Incineradores controlados e usinas de biogás como alternativas aos lixões - como funcionam e sua viabilidade técnica, ambiental e econômica.

I. Incineradores controlados  

Os incineradores modernos queimam resíduos sólidos urbanos a altas temperaturas (850–1100°C), em sistemas fechados e monitorados. O calor gerado aquece água, que vira vapor e movimenta turbinas, que geram eletricidade ou calor.

Etapas para utilização:

  1. O lixo não reciclável é recebido e separado,
  2. O lixo é queimado em fornos especiais.
  3. Filtros de gases removem partículas tóxicas, como dioxinas e metais pesados. As cinzas resultantes são tratadas e destinadas com segurança.

Vantagens:

  • Reduz em até 90% o volume de lixo.
  • Gera energia renovável.
  • Elimina focos de contaminação.
  • Funciona o ano todo, independentemente do clima.

Desvantagens:

  • Alto custo de instalação e operação.
  • Requer manutenção constante 
  • Pode desestimular a reciclagem se usado indiscriminadamente.
  • Precisa de fiscalização rigorosa e políticas públicas bem definidas.

Viabilidade:

  • Viável para grandes cidades, com geração constante de resíduos e orçamento para manutenção.
  • Países como Suécia, Japão, Dinamarca e Alemanha já usam com sucesso.
  • No Brasil, existem projetos piloto, mas o custo e a falta de política integrada ainda são entraves.

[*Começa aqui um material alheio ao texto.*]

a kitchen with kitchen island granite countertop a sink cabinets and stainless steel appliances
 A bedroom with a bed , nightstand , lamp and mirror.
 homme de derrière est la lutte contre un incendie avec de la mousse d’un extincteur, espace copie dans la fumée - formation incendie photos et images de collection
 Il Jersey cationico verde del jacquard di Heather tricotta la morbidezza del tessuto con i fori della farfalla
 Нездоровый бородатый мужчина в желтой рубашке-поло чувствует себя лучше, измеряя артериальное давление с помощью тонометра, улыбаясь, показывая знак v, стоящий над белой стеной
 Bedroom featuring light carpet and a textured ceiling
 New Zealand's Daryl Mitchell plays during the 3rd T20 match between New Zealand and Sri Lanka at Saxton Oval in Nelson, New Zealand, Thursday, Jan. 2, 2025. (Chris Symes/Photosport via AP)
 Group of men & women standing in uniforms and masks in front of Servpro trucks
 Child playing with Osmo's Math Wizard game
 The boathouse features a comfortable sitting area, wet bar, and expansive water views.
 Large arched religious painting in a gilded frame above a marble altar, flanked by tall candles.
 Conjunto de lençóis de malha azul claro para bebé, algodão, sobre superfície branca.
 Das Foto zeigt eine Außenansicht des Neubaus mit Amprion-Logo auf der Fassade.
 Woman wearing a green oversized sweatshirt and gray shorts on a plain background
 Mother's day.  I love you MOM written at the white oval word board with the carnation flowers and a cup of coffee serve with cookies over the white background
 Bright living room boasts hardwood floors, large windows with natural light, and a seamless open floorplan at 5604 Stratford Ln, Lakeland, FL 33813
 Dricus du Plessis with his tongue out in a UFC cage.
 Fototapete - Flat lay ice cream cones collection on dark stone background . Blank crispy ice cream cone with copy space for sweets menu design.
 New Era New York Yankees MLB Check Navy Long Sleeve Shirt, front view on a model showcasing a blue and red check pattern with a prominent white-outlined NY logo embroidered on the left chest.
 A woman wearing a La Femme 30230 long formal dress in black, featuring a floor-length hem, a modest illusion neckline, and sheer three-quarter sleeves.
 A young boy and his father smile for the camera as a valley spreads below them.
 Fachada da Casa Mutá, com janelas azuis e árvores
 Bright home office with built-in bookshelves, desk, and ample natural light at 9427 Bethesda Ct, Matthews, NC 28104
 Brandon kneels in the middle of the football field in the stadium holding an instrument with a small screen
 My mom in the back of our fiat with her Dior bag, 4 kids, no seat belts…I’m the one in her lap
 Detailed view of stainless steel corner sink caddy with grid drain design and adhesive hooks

II. Usinas de biogás - Transformam matéria orgânica (lixo de cozinha, esterco, restos de vegetais) em biogás e biofertilizante, sem combustão.

Etapas para utilização:

  1. Os resíduos orgânicos são colocados em digestores anaeróbicos,
  2. Fermentação - bactérias decompõem a matéria, gerando: Biogás (principalmente metano + CO₂), e Digestato, que pode ser usado como adubo orgânico.
  3. Aproveitamento do biogás: Pode ser queimado para gerar eletricidade e calor, ou purificado e usado como gás veicular ou de cozinha.

Vantagens:

  • Solução limpa e renovável.
  • Reduz emissões de metano direto no meio ambiente.
  • Pode ser implantada em pequena, média ou grande escala.
  • Aproveita resíduos que iriam para o lixo.

Desvantagens:

  • Precisa de separação eficiente do lixo orgânico.
  • Necessita de gestão técnica adequada.
  • Menor geração de energia comparada à incineração.

Viabilidade:

É viável, especialmente em áreas rurais, comunidades, indústrias alimentícias e cidades com coleta orgânica organizada.

Cresce muito no Brasil, inclusive em propriedades rurais (tratamento de dejetos de animais) e aterros sanitários, que capturam metano para gerar energia.

Como vimos, as soluções existem. O que falta são os recursos financeiros e a boa vontade em se acabar com os lixões!